* _WHAT IS BEING ASKED_
Restate word for word the lines below that run from the one holding "Close-up of the" through the one holding "Dna Foldable Creeper", inclusive. Pictures don't belong in the copy.

* _ENTRIES SHOWN_
[Start of section]

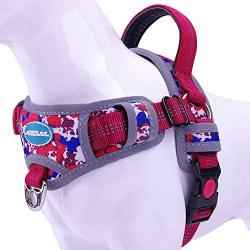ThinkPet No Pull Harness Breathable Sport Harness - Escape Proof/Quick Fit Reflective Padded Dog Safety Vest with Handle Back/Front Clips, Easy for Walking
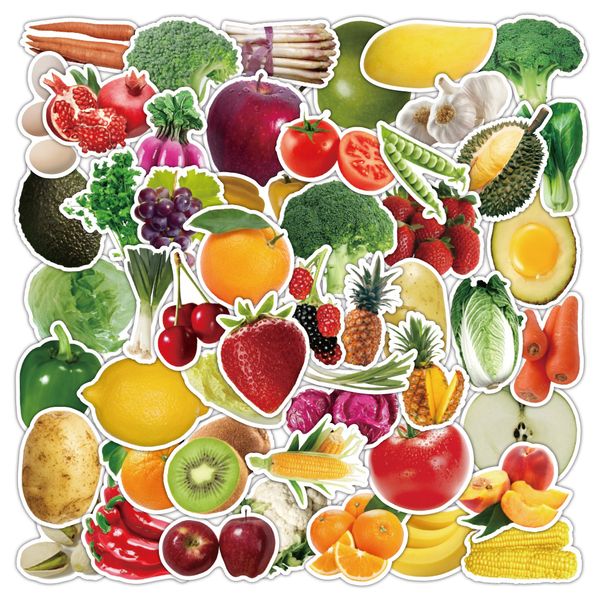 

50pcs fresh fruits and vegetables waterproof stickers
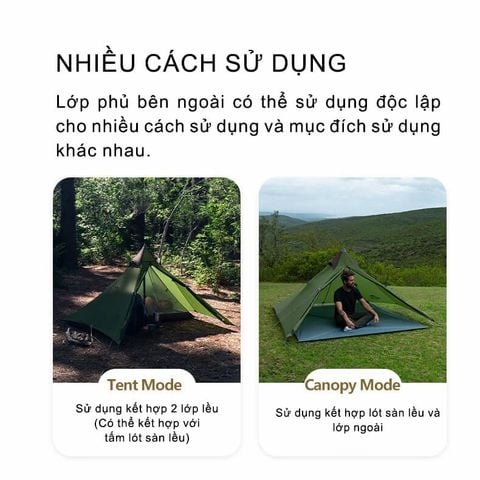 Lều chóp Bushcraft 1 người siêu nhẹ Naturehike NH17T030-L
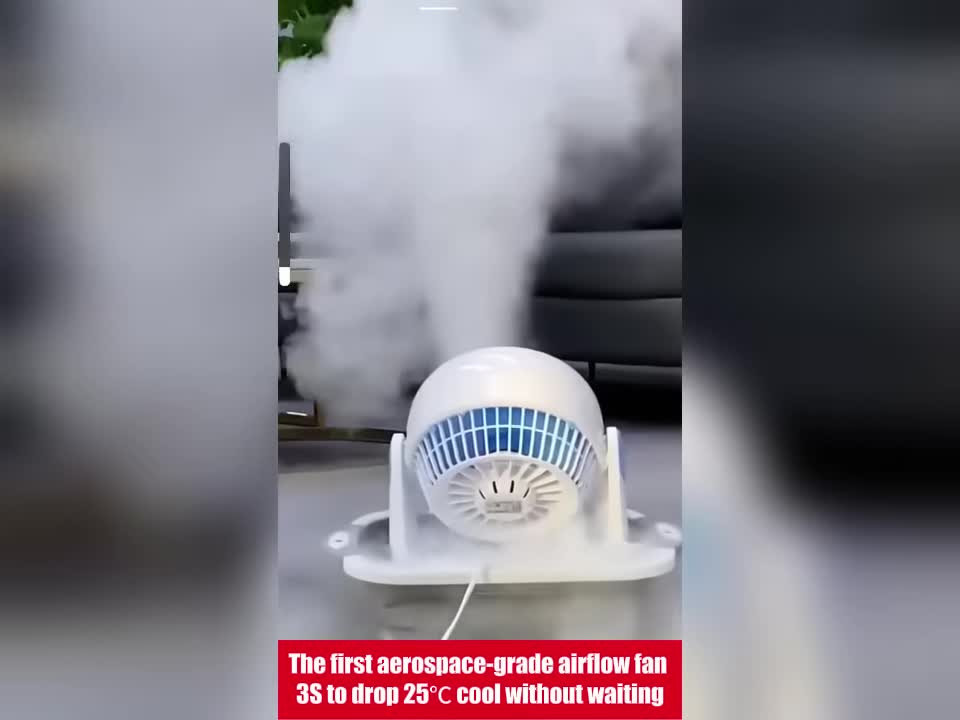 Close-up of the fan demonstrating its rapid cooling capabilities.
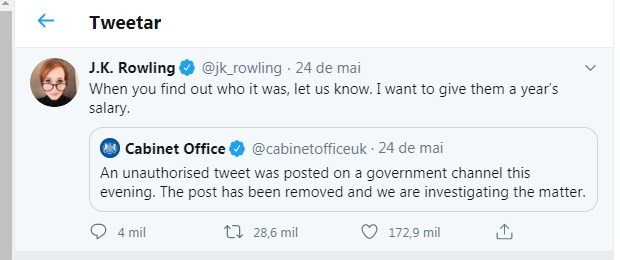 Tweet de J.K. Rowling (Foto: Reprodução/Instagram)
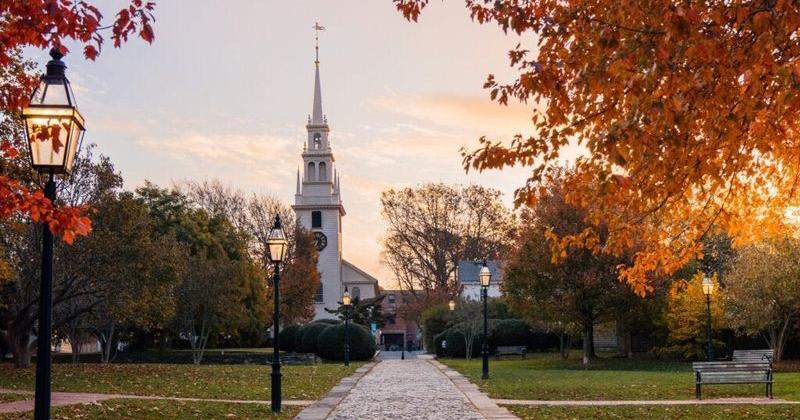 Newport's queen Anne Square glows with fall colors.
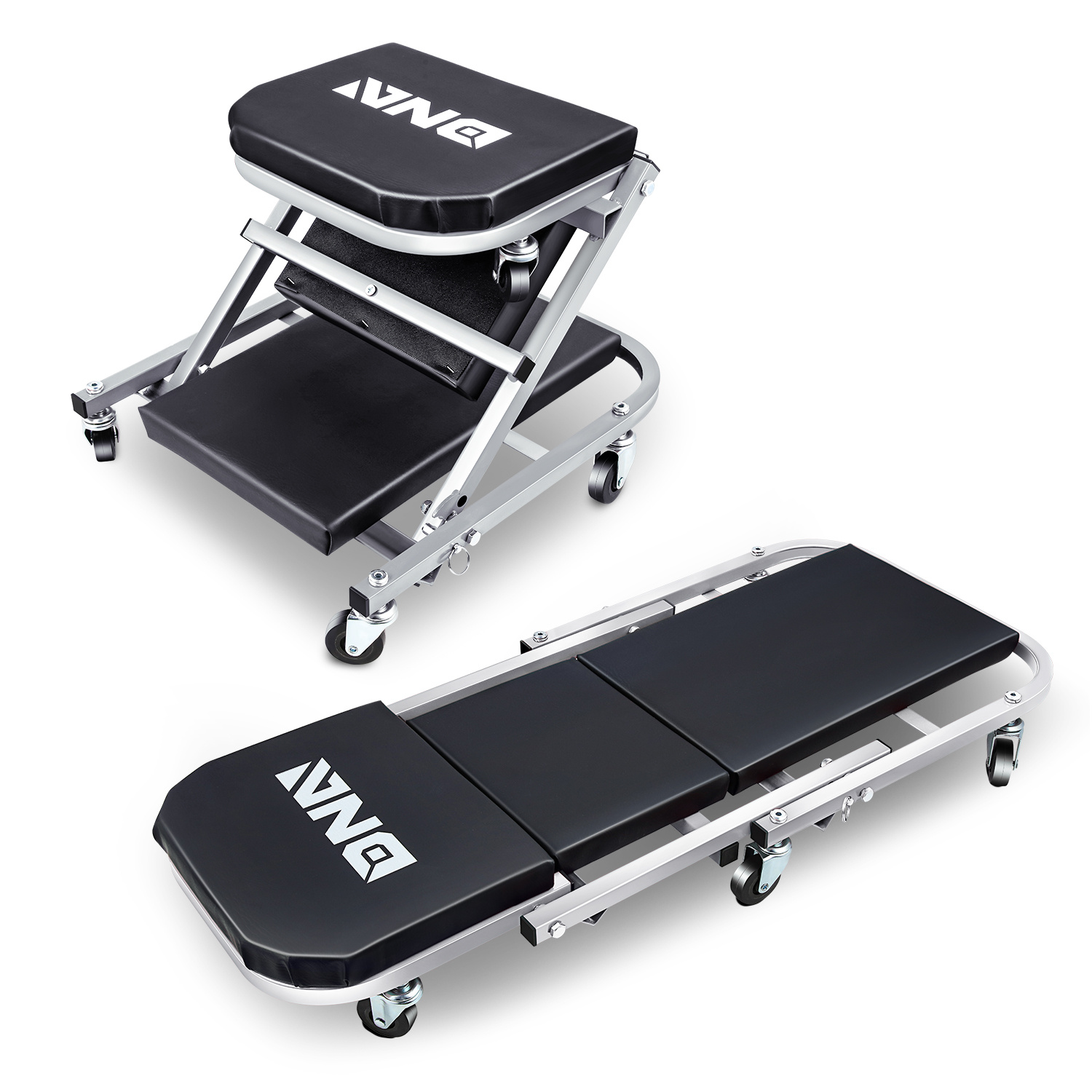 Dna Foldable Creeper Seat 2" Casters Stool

[End of section]
[Start of section]

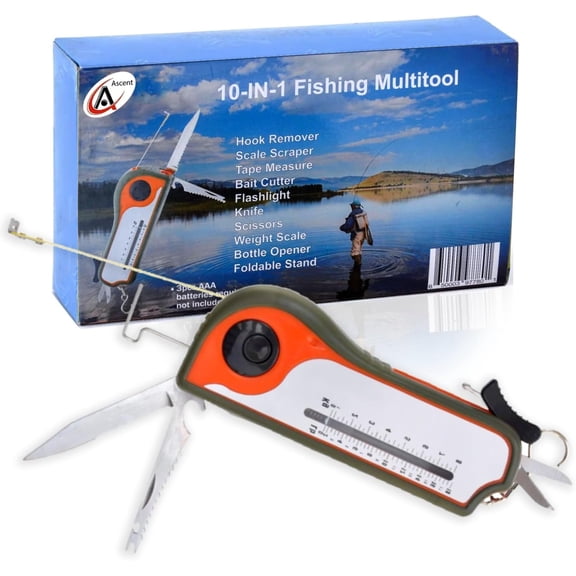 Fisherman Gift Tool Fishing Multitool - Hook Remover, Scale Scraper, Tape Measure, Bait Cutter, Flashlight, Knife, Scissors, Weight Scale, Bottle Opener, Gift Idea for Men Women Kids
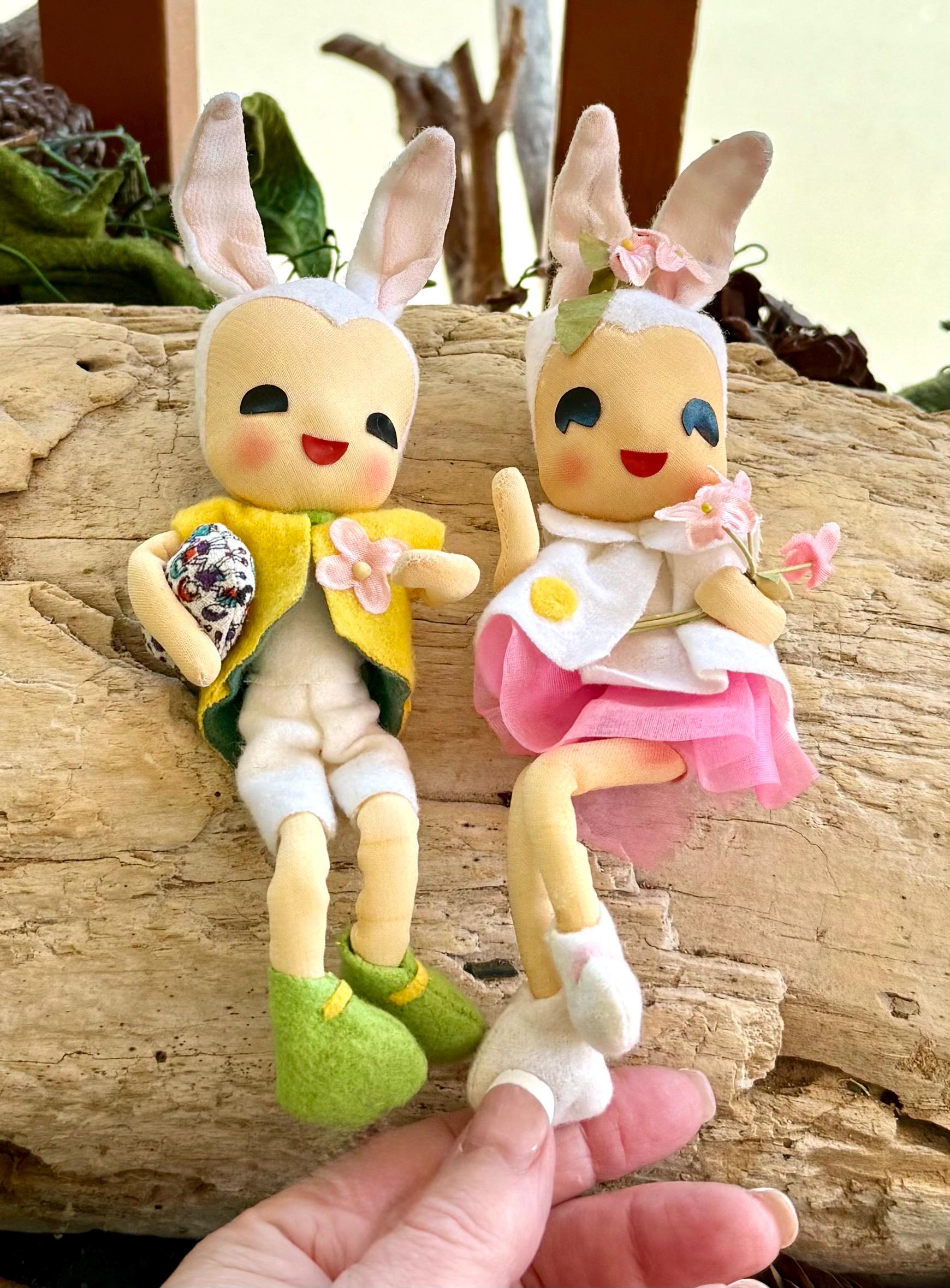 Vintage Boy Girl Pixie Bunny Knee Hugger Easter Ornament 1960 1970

[End of section]
[Start of section]

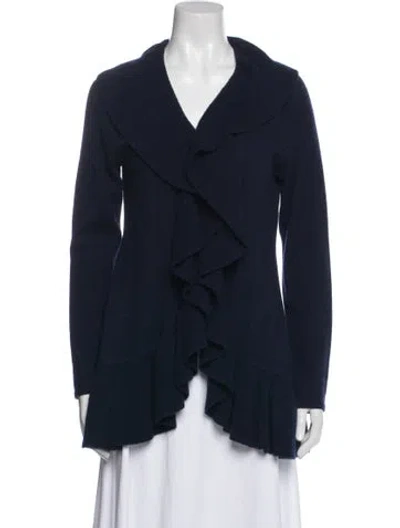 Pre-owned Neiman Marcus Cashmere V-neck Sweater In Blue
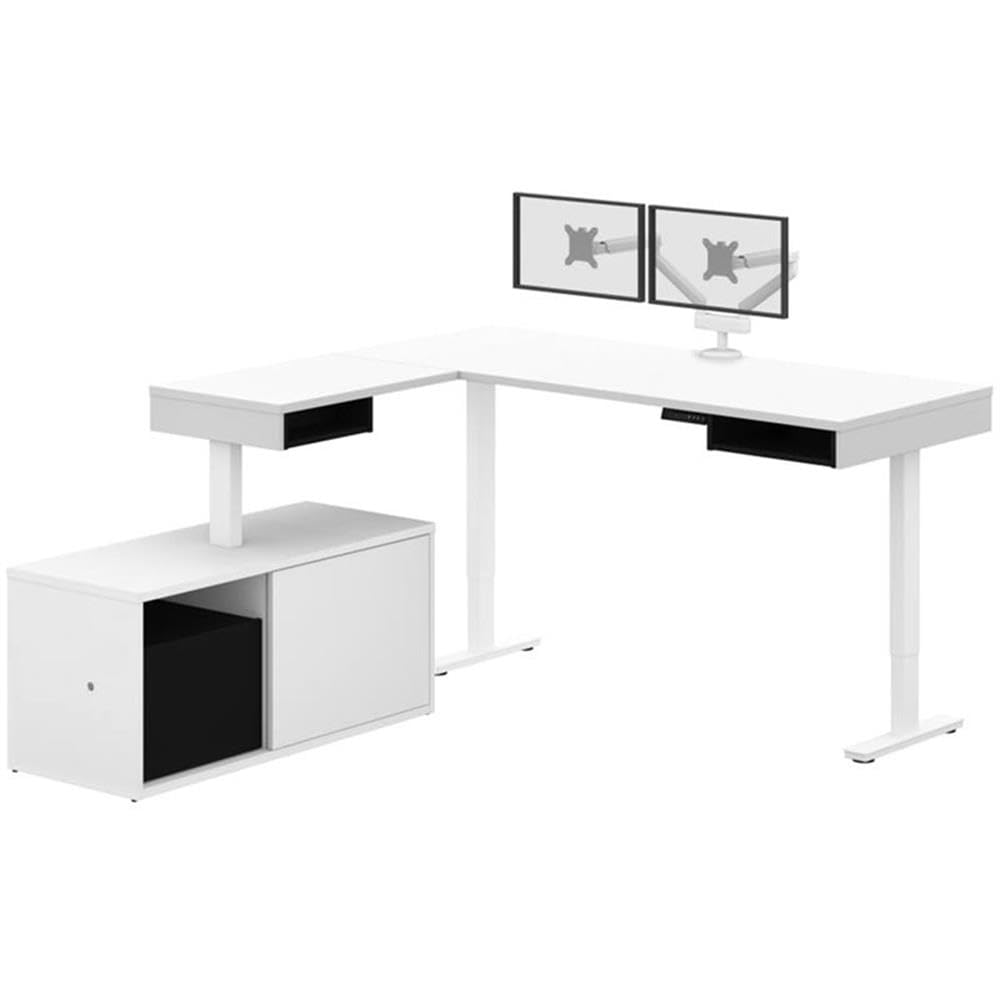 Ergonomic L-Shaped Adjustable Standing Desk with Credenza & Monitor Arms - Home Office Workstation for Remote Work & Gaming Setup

[End of section]

* _EXERCISE ANSWER_
 Close-up of the fan demonstrating its rapid cooling capabilities.
 Tweet de J.K. Rowling (Foto: Reprodução/Instagram)
 Newport's queen Anne Square glows with fall colors.
 Dna Foldable Creeper Seat 2" Casters Stool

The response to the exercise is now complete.